* _Required action_: A word-for-word restatement of the full listing is required.
==================================================
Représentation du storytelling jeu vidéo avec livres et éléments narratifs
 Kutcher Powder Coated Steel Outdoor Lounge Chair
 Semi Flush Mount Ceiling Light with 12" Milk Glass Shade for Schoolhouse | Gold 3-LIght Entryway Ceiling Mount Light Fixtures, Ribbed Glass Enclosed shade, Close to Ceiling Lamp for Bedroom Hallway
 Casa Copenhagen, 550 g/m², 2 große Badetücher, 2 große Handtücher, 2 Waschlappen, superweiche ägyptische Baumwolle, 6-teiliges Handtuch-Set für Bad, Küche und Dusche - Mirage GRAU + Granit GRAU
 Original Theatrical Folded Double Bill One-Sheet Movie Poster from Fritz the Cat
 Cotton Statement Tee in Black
==================================================
* _Exercise solution_:
Représentation du storytelling jeu vidéo avec livres et éléments narratifs
 Kutcher Powder Coated Steel Outdoor Lounge Chair
 Semi Flush Mount Ceiling Light with 12" Milk Glass Shade for Schoolhouse | Gold 3-LIght Entryway Ceiling Mount Light Fixtures, Ribbed Glass Enclosed shade, Close to Ceiling Lamp for Bedroom Hallway
 Casa Copenhagen, 550 g/m², 2 große Badetücher, 2 große Handtücher, 2 Waschlappen, superweiche ägyptische Baumwolle, 6-teiliges Handtuch-Set für Bad, Küche und Dusche - Mirage GRAU + Granit GRAU
 Original Theatrical Folded Double Bill One-Sheet Movie Poster from Fritz the Cat
 Cotton Statement Tee in Black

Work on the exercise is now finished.